╭──

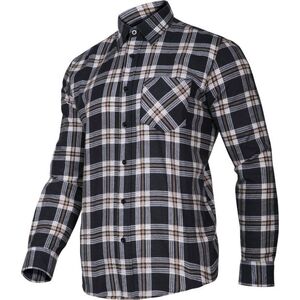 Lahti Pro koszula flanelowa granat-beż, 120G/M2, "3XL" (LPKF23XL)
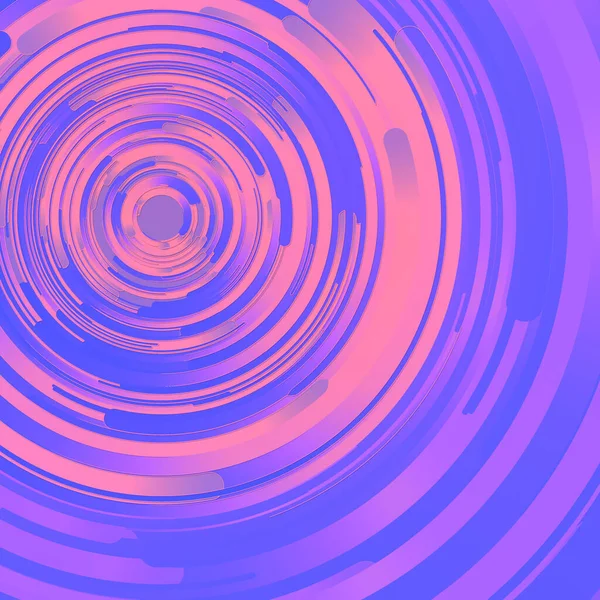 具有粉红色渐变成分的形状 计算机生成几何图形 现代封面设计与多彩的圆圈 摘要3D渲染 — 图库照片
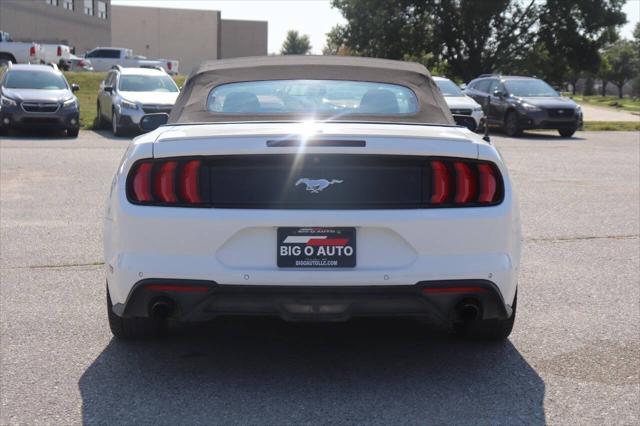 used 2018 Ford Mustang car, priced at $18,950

╰──

TASK DIRECTIONS - All of the data must be given again exactly, without the pictures.

SOLUTION TO THIS EXERCISE -
 Lahti Pro koszula flanelowa granat-beż, 120G/M2, "3XL" (LPKF23XL)
 具有粉红色渐变成分的形状 计算机生成几何图形 现代封面设计与多彩的圆圈 摘要3D渲染 — 图库照片
 used 2018 Ford Mustang car, priced at $18,950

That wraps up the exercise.